Thursday, September 29, 2011


A friend of mine was once afflicted with what he called The Seger Curse.  That is, whatever store he'd walk into, any store of any kind, would always be playing some Bob Seger song or other.  Whether it was the by-the-numbers rock star posing of Katmandu or the sleepy-time introspection of Night Moves--or worse, the faux-sensitive, let's-fuck-because-what-else-have-we-got-to-do treacly-creepy ballad We've Got Tonight--the tedious ubiquity of the hirsute Detroit legend came to represent everything stale and unimaginative about radio programming: You could play any song in the world, and you actually choose to play Against The Wind?

The curse was eventually passed to me, though in a somewhat milder form (although if I ever hear Old Time Rock & Roll again I may turn violent), was over.  Whoever programs the piped-in music for retail establishments and classic rock stations suddenly decided that was enough Seger for a lifetime, and the world was a better place.

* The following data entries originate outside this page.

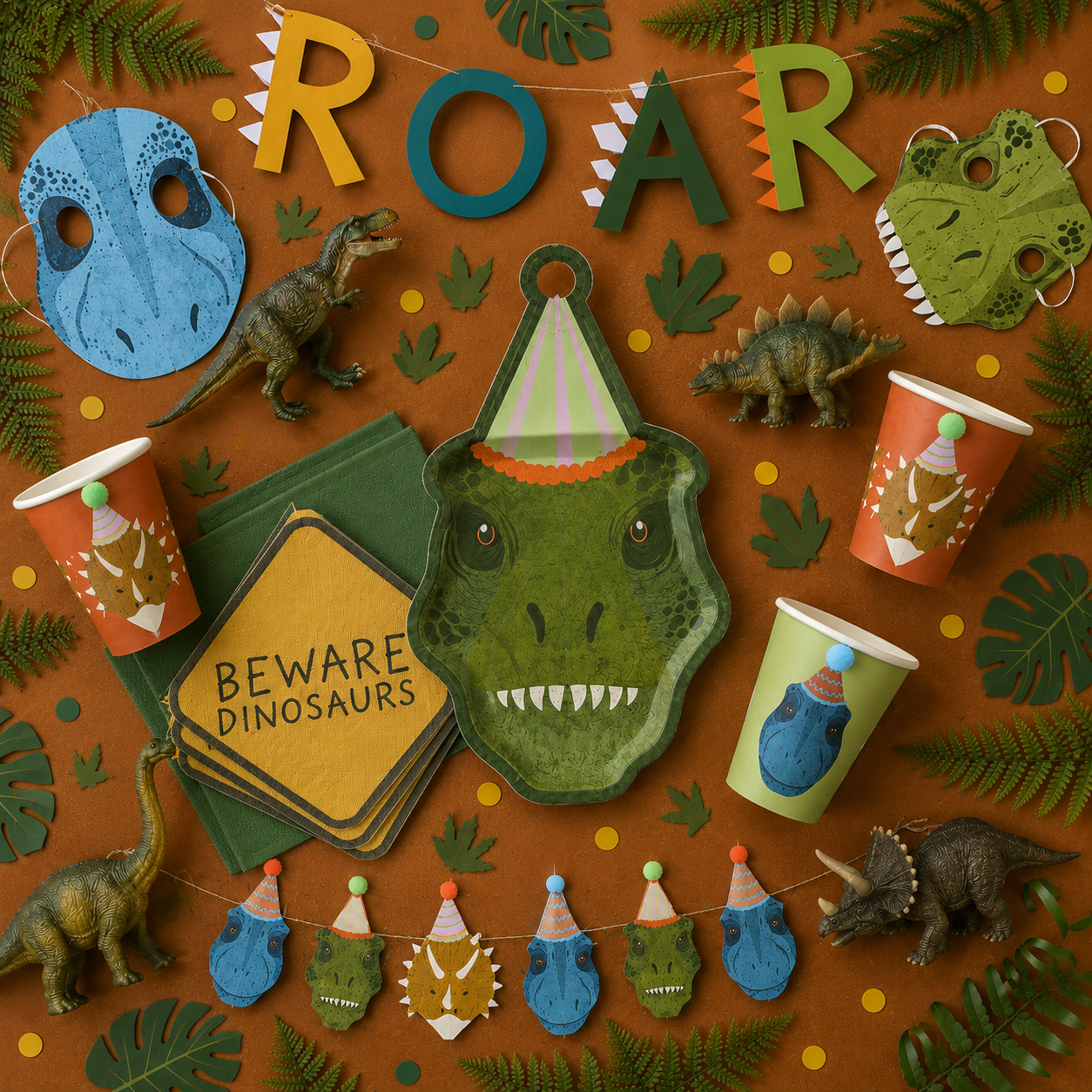 Dinosaur party setup with “ROAR” banner, dinosaur masks, themed cups, napkins, dinosaur face plate, toy dinosaurs, leafy decorations, confetti, and jungle-style garland.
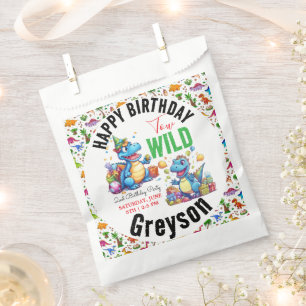 Two Wild Dino Party Boy Dinosaur 2nd Birthday Favour Bags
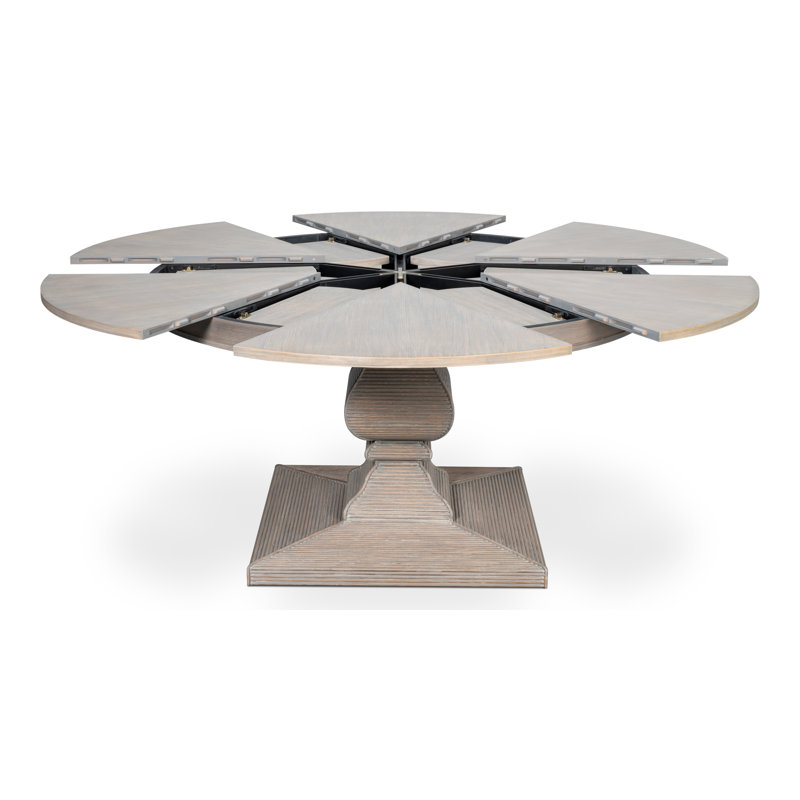 Kelso Equestrian Round Oak Pedestal Dining Table, 30"H x 66"L x 66"W, Moonskin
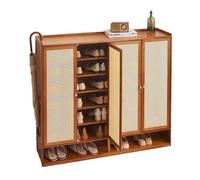 Étagère à chaussures en bambou, armoire fine en bois avec portes, marron rétro, pour salon et cuisine, 120 x 32 x 94 cm, solution de rangement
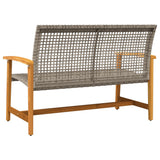 Garden Bench Grey 112 cm Poly Rattan and Acacia Wood 367599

Briefly.  While seemingly dormant, The Curse was in fact mutating, and turned into a Night Ranger Curse.  Which is to say, the radio at work now plays Sister Christian at every conceivable opportunity.

Kind of cute, for awhile.  To the extent that I think of it at all, I associate the song with the Rahad Jackson sequence from P.T. Anderson's Boogie Nights.  Specifically, I think of this:

And hey, who doesn't want to be reminded of one of their favorite movies during a long, tedious work day?

But they keep playing the damned thing.  And it doesn't even matter what station is on.  Our resident surly Boston sports fan tunes the radio to the local AM sports station, and in between incredibly convulted analogies and half-baked theories, there is commercial time.  Specifically, a commercial for an upcoming concert from...Night Ranger.  And seriously, what the hell other song are they going to play during this commercial?  For a supposedly rockin' band--as they reminded us with the helpfully titled You Can Still Rock In America--these guys will always be known for this wimpy power ballad, and not much else.

And I, apparently, will have to listen to the damned thing pretty much every day.  Or at least until I get a new musical curse.  Right now, I'm starting to miss bob Seger.